DESCRIPTION OF THE TASK: Omitting the pictures, print every line below exactly as it stands.

SUPPLIED DATA:
============
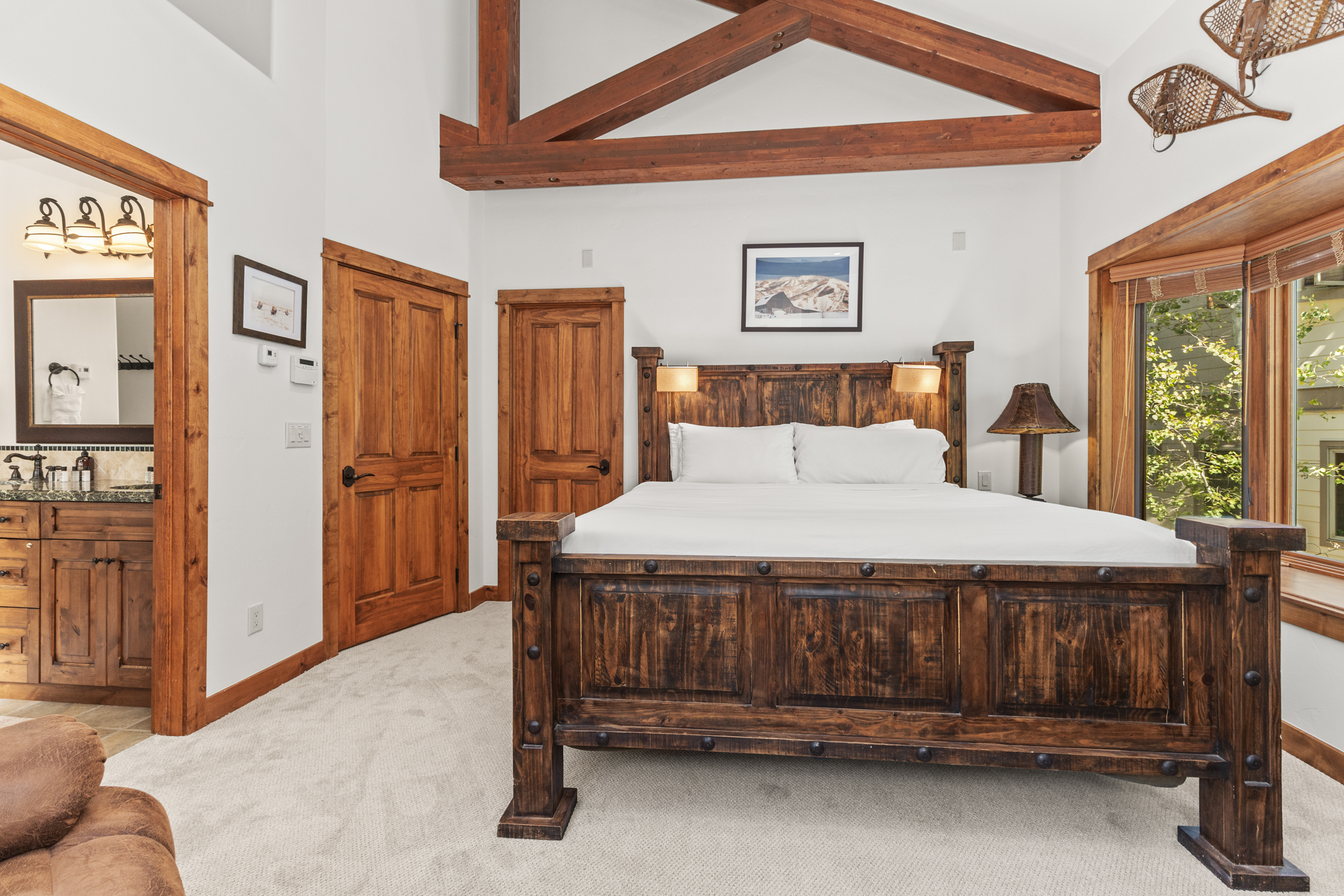 Top Level - Ensuite King Bedroom 1 with Bathroom Entrance in Photo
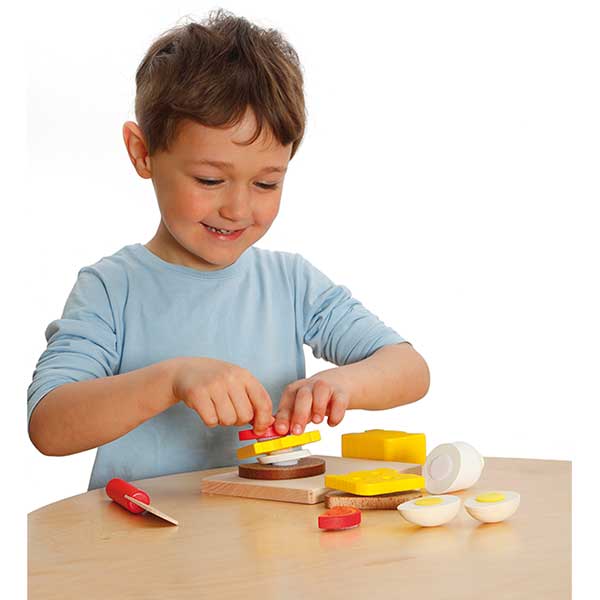 Child making a sandwich with wooden sandwich set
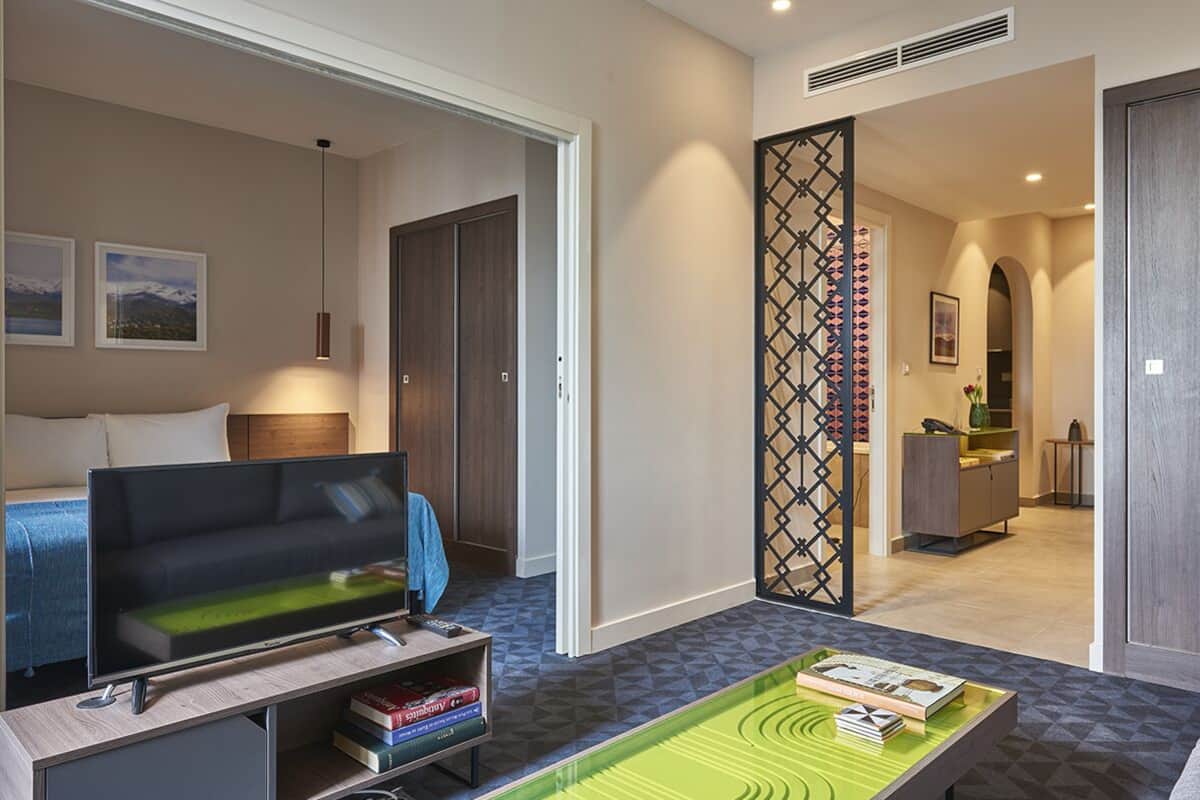 Una habitación de hotel moderna con sofá, televisor y una mesa de comedor con libros.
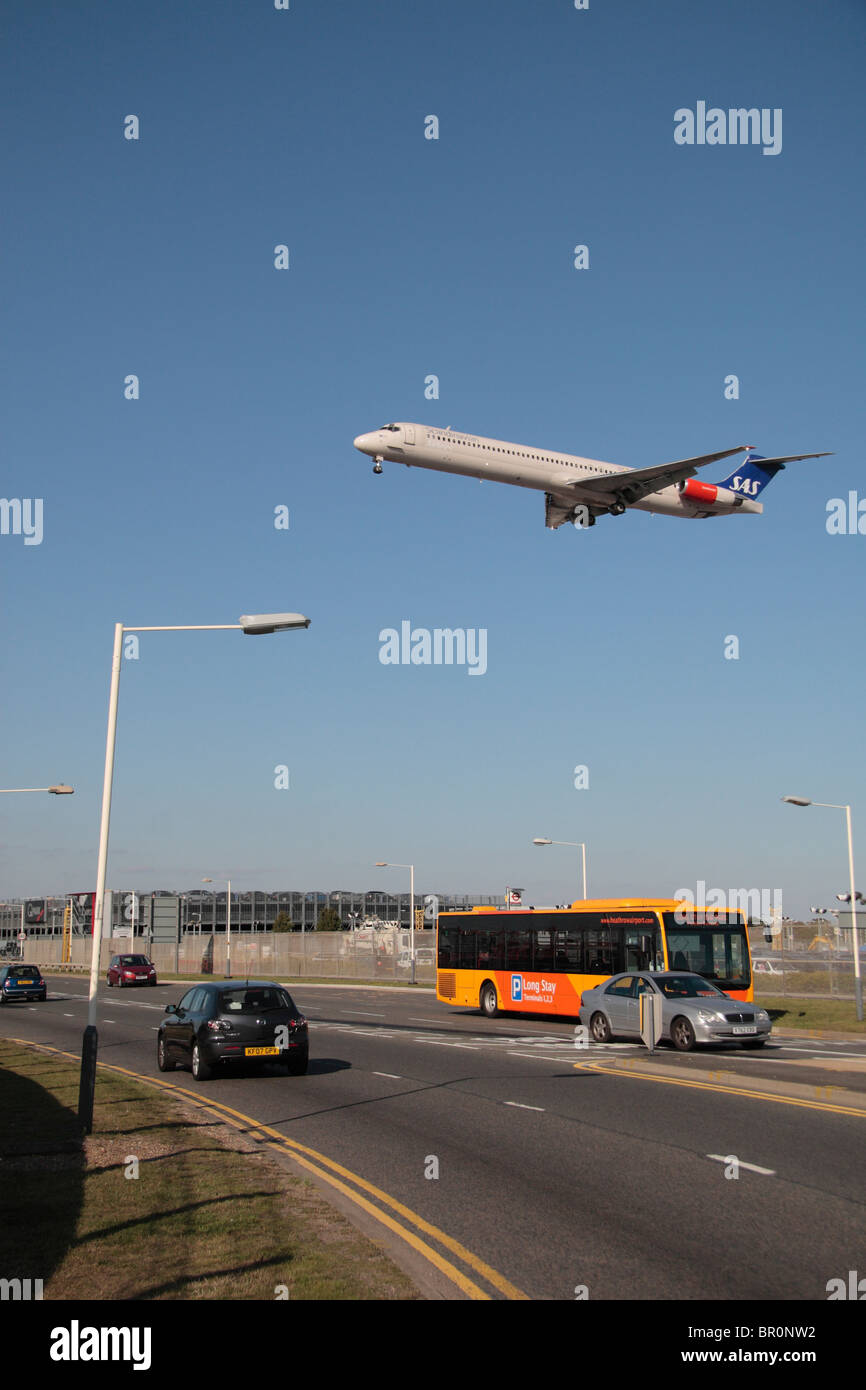 A SAS plane coming in to land at Heathrow Airport, London, passing over buses and cars on the perimeter road. Stock Photo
============
EXPECTED ANSWER:
 Top Level - Ensuite King Bedroom 1 with Bathroom Entrance in Photo
 Child making a sandwich with wooden sandwich set
 Una habitación de hotel moderna con sofá, televisor y una mesa de comedor con libros.
 A SAS plane coming in to land at Heathrow Airport, London, passing over buses and cars on the perimeter road. Stock Photo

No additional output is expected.